• **Problem statement**: The answer must consist of the listing, reproduced exactly.
::: Records :::
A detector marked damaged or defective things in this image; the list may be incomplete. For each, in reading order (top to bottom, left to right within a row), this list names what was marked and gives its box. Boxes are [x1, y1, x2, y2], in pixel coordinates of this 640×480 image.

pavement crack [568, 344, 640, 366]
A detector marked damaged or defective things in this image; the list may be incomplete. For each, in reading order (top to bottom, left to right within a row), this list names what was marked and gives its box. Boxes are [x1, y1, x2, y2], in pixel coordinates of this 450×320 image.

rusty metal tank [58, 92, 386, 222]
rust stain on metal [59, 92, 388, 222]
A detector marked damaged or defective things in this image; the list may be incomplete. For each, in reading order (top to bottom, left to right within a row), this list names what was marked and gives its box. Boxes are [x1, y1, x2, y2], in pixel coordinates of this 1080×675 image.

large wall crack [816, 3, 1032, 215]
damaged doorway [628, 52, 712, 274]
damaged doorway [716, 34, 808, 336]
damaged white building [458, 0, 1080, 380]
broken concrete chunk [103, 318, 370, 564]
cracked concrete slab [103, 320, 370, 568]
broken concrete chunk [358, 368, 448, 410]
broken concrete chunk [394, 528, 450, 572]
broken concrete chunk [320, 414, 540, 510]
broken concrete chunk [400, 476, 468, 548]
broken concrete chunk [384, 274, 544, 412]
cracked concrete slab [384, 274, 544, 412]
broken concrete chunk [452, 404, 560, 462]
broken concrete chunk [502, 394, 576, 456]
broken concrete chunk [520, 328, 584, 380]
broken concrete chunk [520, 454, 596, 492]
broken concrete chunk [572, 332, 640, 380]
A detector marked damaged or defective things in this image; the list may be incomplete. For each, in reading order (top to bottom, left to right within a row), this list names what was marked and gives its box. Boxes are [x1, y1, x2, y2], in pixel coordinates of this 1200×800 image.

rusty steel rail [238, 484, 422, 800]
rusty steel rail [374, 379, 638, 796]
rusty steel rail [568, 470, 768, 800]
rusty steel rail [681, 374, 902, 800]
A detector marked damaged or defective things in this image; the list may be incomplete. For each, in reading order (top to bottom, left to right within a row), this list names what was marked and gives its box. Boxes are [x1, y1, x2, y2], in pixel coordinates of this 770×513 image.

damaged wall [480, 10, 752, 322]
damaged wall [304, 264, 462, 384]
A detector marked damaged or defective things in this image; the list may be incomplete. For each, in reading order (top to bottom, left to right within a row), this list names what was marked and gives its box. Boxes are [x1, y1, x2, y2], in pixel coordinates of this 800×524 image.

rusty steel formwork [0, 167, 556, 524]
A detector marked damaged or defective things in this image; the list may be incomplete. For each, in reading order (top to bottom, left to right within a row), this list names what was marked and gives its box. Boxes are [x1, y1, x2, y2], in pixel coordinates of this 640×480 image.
:::
• **Problem solution**:
A detector marked damaged or defective things in this image; the list may be incomplete. For each, in reading order (top to bottom, left to right within a row), this list names what was marked and gives its box. Boxes are [x1, y1, x2, y2], in pixel coordinates of this 640×480 image.

pavement crack [568, 344, 640, 366]
A detector marked damaged or defective things in this image; the list may be incomplete. For each, in reading order (top to bottom, left to right within a row), this list names what was marked and gives its box. Boxes are [x1, y1, x2, y2], in pixel coordinates of this 450×320 image.

rusty metal tank [58, 92, 386, 222]
rust stain on metal [59, 92, 388, 222]
A detector marked damaged or defective things in this image; the list may be incomplete. For each, in reading order (top to bottom, left to right within a row), this list names what was marked and gives its box. Boxes are [x1, y1, x2, y2], in pixel coordinates of this 1080×675 image.

large wall crack [816, 3, 1032, 215]
damaged doorway [628, 52, 712, 274]
damaged doorway [716, 34, 808, 336]
damaged white building [458, 0, 1080, 380]
broken concrete chunk [103, 318, 370, 564]
cracked concrete slab [103, 320, 370, 568]
broken concrete chunk [358, 368, 448, 410]
broken concrete chunk [394, 528, 450, 572]
broken concrete chunk [320, 414, 540, 510]
broken concrete chunk [400, 476, 468, 548]
broken concrete chunk [384, 274, 544, 412]
cracked concrete slab [384, 274, 544, 412]
broken concrete chunk [452, 404, 560, 462]
broken concrete chunk [502, 394, 576, 456]
broken concrete chunk [520, 328, 584, 380]
broken concrete chunk [520, 454, 596, 492]
broken concrete chunk [572, 332, 640, 380]
A detector marked damaged or defective things in this image; the list may be incomplete. For each, in reading order (top to bottom, left to right within a row), this list names what was marked and gives its box. Boxes are [x1, y1, x2, y2], in pixel coordinates of this 1200×800 image.

rusty steel rail [238, 484, 422, 800]
rusty steel rail [374, 379, 638, 796]
rusty steel rail [568, 470, 768, 800]
rusty steel rail [681, 374, 902, 800]
A detector marked damaged or defective things in this image; the list may be incomplete. For each, in reading order (top to bottom, left to right within a row), this list names what was marked and gives its box. Boxes are [x1, y1, x2, y2], in pixel coordinates of this 770×513 image.

damaged wall [480, 10, 752, 322]
damaged wall [304, 264, 462, 384]
A detector marked damaged or defective things in this image; the list may be incomplete. For each, in reading order (top to bottom, left to right within a row), this list names what was marked and gives its box. Boxes are [x1, y1, x2, y2], in pixel coordinates of this 800×524 image.

rusty steel formwork [0, 167, 556, 524]
A detector marked damaged or defective things in this image; the list may be incomplete. For each, in reading order (top to bottom, left to right within a row), this list names what was marked and gives its box. Boxes are [x1, y1, x2, y2], in pixel coordinates of this 640×480 image.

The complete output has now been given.